Differences have emerged between the two main electoral bodies – the Independent Electoral Complaints Commission (IECC) and the Independent Election Commission (IEC) – over the recount of votes from 5,400 polling stations, determined after assessing 16,500 complaints.
The IEC has received a list of more than 5,400 polling stations where votes will be recounted, but the list is not “ordered,” according to the head of the IEC secretariat Habib-Ur-Rahman Nang.
He also said that if the IECC announces the 300,000 controversial votes as valid, the number of polling stations needing to be recounted will be reduced to 1,000.
Meanwhile, Nang said they have not been able to read the information from more than 200 polling stations in the data center.
“These provincial lists include exceptions and preliminary decisions that have been mentioned here and we have handed it to a technical team for analysis and this takes time,” Nang said.
According to the IECC, over 2,000 appeals were filed with the electoral body against its decisions on assessed complaints.
There could be a reduction in the number of votes that will be recounted after the assessment of the appeals, IECC spokesman Mohammad Qasim Elyasi said.
“If a decision is made, recounting will start after appeals are assessed.

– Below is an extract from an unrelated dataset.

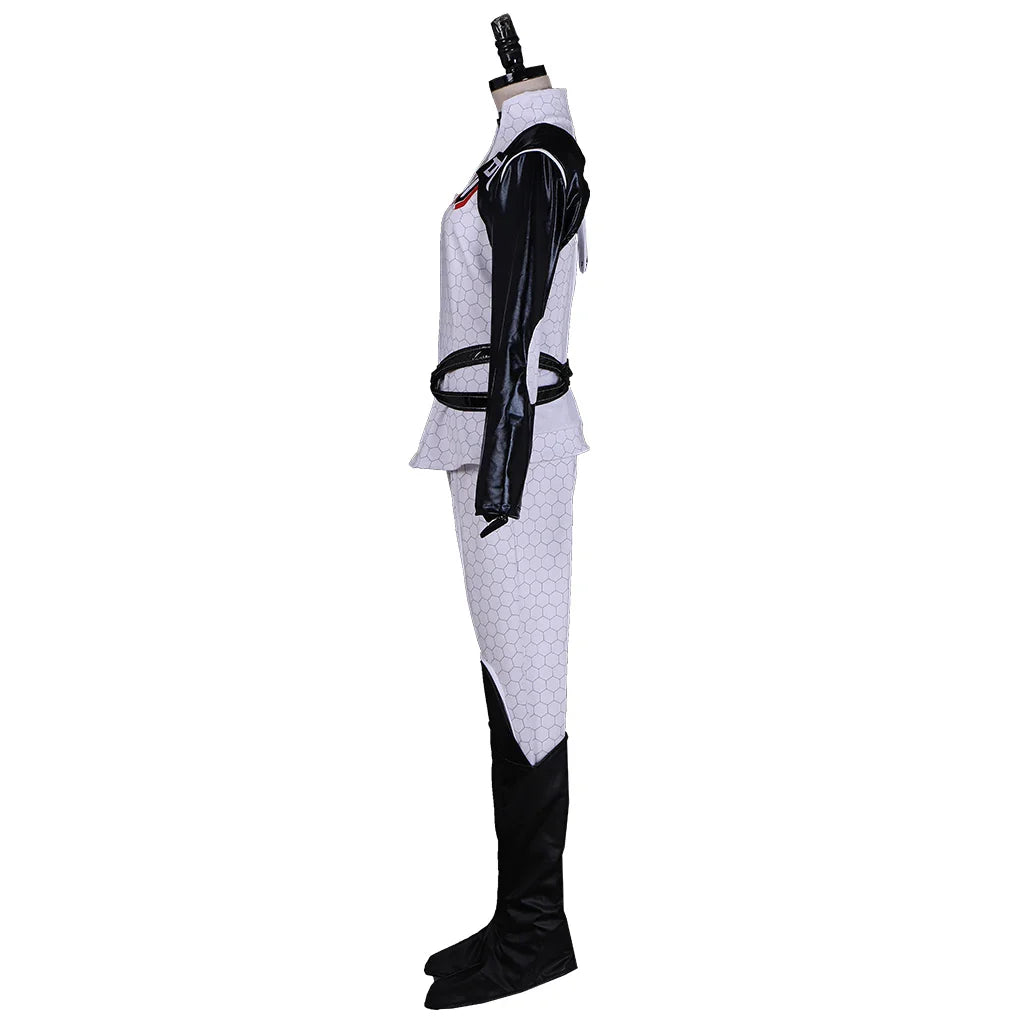 Halloweez Miranda Lawson Cosplay Women's Punk Retro White Battle Uniform Suit for Halloween Carnival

In that case, these polling stations will be reduced,” he added.
Monitoring organizations called for a quick decision by the IECC on the 300,000 controversial votes.
“There are big issues that should be assessed by the complaints commission, especially the appeals that will affect the decisions,” said Yusuf Rasheed, CEO of the Transparent Election Foundation of Afghanistan.
The IECC has less than two weeks to announce a final decision on the assessed complaints so that the IEC can announce the final results of the September presidential polls.